Remember, being a good friend does NOT mean:
- Making a judgement on what did or did not happen. You can help your friend without making a judgment as to whether or not an act of sexual misconduct occurred. Determining if a crime or policy violation took place is the responsibility of the legal system and/or campus administrators after a fair, neutral process. Snap judgments or trial by social media may degrade the integrity of the process.
- Telling your friend what to do. Let them take the lead on any decision making including whether or not to report, to seek support, or to resolve the matter the way that works best for them. Ask them what they want to do...listen...respect their wishes.
- Telling others about what might have happened and violating their confidentiality and trust. It is their story and they get to choose who to tell about the situation, not you.

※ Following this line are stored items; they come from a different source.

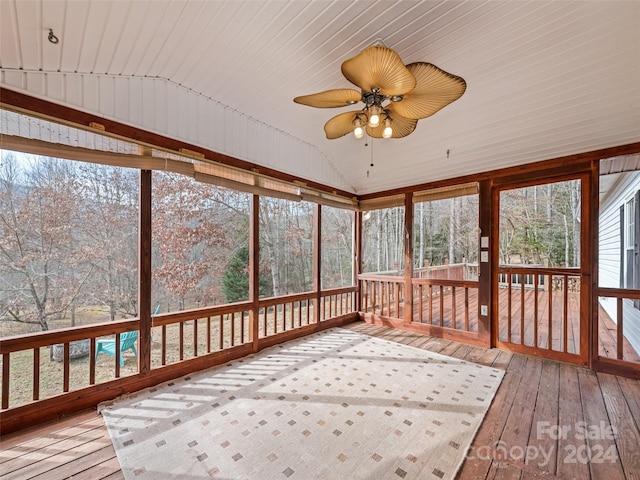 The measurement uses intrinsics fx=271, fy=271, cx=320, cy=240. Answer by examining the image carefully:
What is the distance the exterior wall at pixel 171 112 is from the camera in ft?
7.06

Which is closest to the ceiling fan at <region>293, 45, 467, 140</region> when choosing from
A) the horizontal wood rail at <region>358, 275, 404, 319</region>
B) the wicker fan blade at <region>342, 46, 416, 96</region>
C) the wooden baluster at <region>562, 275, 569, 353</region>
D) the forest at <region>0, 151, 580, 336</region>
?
the wicker fan blade at <region>342, 46, 416, 96</region>

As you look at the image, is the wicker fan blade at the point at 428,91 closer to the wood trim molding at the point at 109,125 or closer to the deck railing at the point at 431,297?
the wood trim molding at the point at 109,125

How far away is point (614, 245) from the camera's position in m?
4.03

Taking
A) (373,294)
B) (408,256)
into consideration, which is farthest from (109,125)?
(373,294)

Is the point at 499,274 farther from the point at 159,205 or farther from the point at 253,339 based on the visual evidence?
the point at 159,205

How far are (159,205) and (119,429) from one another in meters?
2.22

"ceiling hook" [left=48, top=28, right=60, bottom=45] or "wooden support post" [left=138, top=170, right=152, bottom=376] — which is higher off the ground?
"ceiling hook" [left=48, top=28, right=60, bottom=45]

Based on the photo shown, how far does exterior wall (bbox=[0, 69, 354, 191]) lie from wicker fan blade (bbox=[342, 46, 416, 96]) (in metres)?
2.01

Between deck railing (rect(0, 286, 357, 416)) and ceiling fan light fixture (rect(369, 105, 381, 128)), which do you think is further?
deck railing (rect(0, 286, 357, 416))

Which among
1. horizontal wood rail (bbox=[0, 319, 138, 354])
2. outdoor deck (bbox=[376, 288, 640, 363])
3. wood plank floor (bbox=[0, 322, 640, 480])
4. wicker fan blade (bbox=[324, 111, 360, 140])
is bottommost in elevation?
wood plank floor (bbox=[0, 322, 640, 480])

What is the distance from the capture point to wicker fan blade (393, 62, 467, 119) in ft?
5.06

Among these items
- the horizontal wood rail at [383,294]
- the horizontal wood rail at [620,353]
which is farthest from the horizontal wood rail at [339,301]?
the horizontal wood rail at [620,353]

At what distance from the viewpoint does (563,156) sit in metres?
3.22

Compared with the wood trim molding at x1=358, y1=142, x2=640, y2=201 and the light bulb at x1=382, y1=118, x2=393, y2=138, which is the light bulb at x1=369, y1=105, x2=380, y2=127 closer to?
the light bulb at x1=382, y1=118, x2=393, y2=138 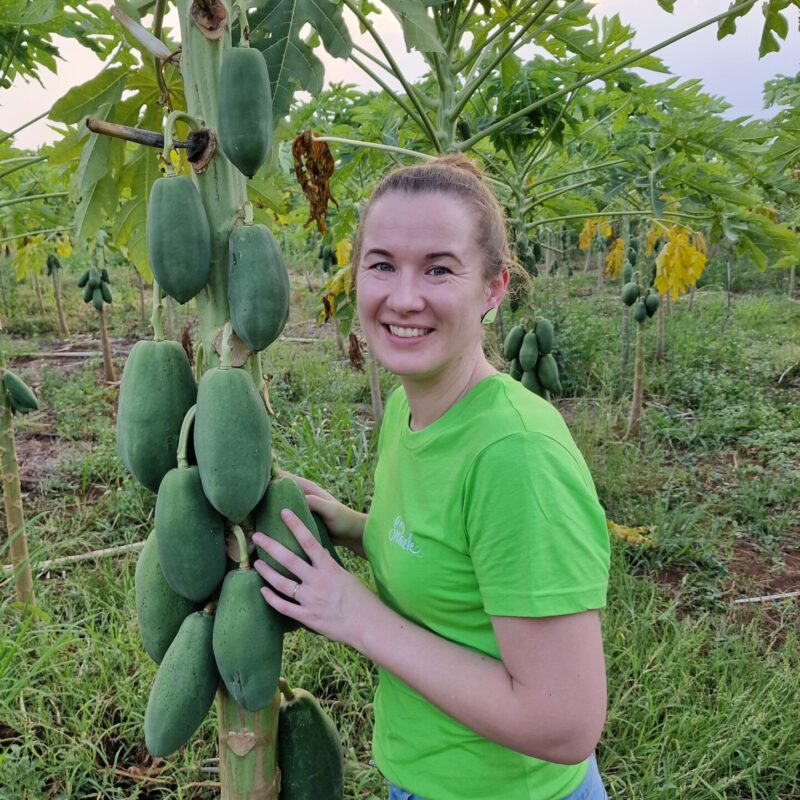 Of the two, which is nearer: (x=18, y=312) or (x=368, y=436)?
(x=368, y=436)

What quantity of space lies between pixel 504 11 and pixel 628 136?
1861mm

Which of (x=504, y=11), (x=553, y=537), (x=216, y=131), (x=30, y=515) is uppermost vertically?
(x=504, y=11)

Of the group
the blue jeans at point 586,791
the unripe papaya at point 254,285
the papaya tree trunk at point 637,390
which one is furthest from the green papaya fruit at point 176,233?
the papaya tree trunk at point 637,390

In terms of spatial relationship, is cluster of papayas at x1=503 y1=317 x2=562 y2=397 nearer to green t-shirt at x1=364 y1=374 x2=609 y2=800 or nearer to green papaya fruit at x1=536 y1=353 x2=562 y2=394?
green papaya fruit at x1=536 y1=353 x2=562 y2=394

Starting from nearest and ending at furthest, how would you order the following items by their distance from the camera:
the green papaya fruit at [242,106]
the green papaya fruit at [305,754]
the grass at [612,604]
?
1. the green papaya fruit at [242,106]
2. the green papaya fruit at [305,754]
3. the grass at [612,604]

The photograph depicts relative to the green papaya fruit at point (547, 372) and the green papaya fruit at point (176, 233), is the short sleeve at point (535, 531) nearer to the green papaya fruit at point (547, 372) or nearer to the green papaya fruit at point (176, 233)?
the green papaya fruit at point (176, 233)

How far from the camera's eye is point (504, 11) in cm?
314

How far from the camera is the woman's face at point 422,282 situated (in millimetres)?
1128

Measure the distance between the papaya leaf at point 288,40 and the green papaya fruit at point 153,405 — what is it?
658 millimetres

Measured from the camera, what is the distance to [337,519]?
142 cm

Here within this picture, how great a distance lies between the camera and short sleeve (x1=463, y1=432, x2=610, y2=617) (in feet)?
3.12

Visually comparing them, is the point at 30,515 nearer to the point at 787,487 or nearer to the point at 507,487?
the point at 507,487

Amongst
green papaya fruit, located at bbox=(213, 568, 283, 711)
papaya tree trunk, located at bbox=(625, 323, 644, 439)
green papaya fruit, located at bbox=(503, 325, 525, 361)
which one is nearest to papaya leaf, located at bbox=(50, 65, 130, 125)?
green papaya fruit, located at bbox=(213, 568, 283, 711)

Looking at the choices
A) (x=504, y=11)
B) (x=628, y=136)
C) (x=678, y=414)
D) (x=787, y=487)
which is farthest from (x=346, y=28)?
(x=678, y=414) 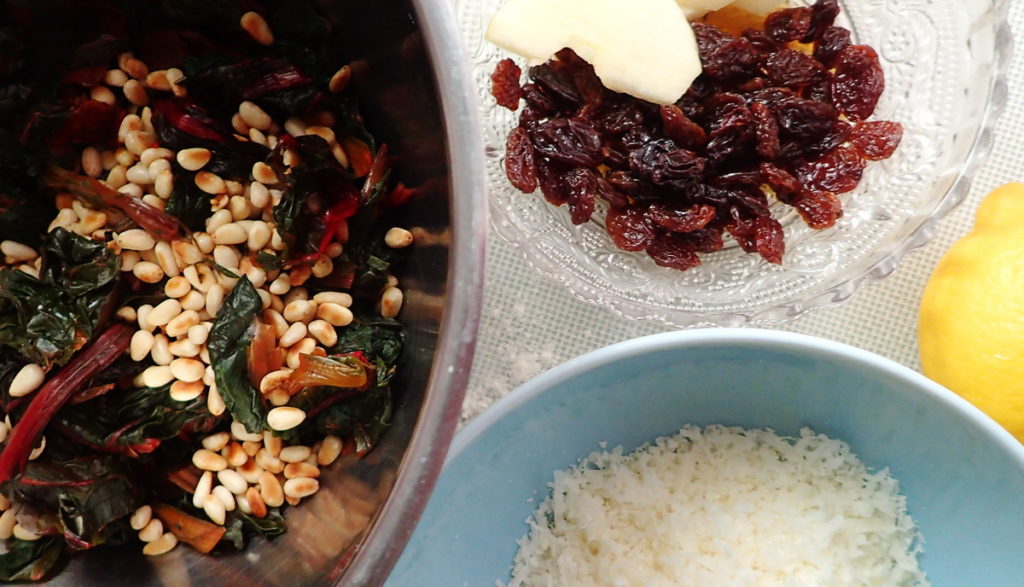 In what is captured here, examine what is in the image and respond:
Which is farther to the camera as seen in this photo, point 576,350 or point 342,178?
point 576,350

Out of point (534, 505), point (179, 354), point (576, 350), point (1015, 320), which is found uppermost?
point (1015, 320)

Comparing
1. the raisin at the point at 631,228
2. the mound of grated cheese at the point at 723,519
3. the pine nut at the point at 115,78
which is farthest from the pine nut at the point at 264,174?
the mound of grated cheese at the point at 723,519

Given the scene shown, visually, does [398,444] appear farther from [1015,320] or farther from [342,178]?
[1015,320]

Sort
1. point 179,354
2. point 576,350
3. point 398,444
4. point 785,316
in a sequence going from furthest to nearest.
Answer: point 576,350, point 785,316, point 179,354, point 398,444

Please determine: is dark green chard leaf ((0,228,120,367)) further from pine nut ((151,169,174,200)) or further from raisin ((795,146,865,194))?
raisin ((795,146,865,194))

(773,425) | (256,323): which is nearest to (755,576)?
(773,425)

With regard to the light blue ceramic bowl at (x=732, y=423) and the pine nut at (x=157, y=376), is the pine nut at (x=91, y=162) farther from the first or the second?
the light blue ceramic bowl at (x=732, y=423) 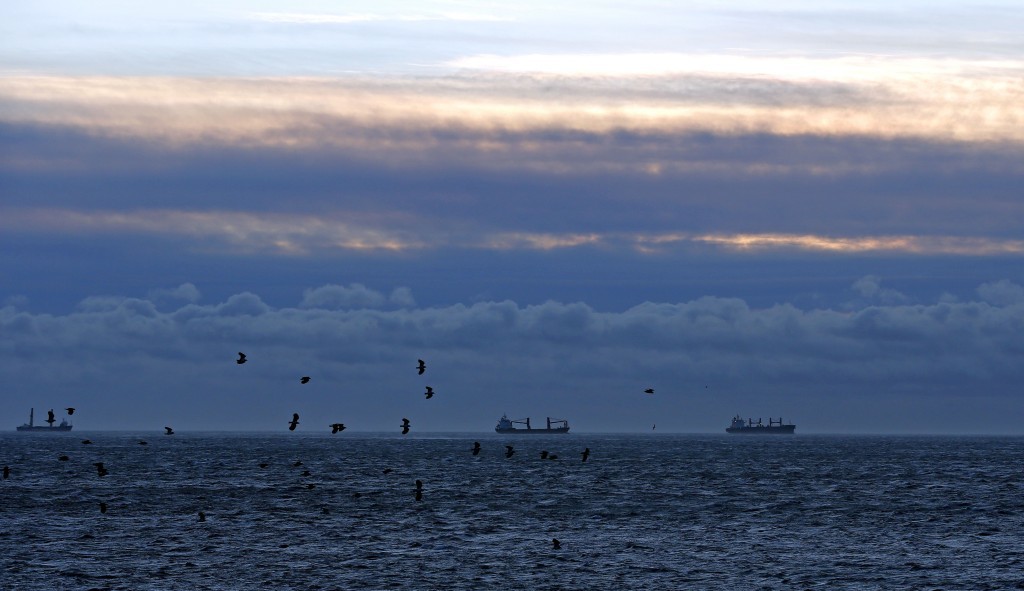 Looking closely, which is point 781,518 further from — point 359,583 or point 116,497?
point 116,497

- Taking action against your friend or person accused. Violence or retaliation is not the answer to helping your friend. Remember, harassing and threatening behaviors are not helpful and could undermine any court or university proceeding taking place. It could also jeopardize your own standing at the university.
- Taking to social media to dox or call out the other person. This can actually discourage others who may be thinking about reporting their own trauma from coming forward and getting support out of fear their story will be made public when they don't want it to be.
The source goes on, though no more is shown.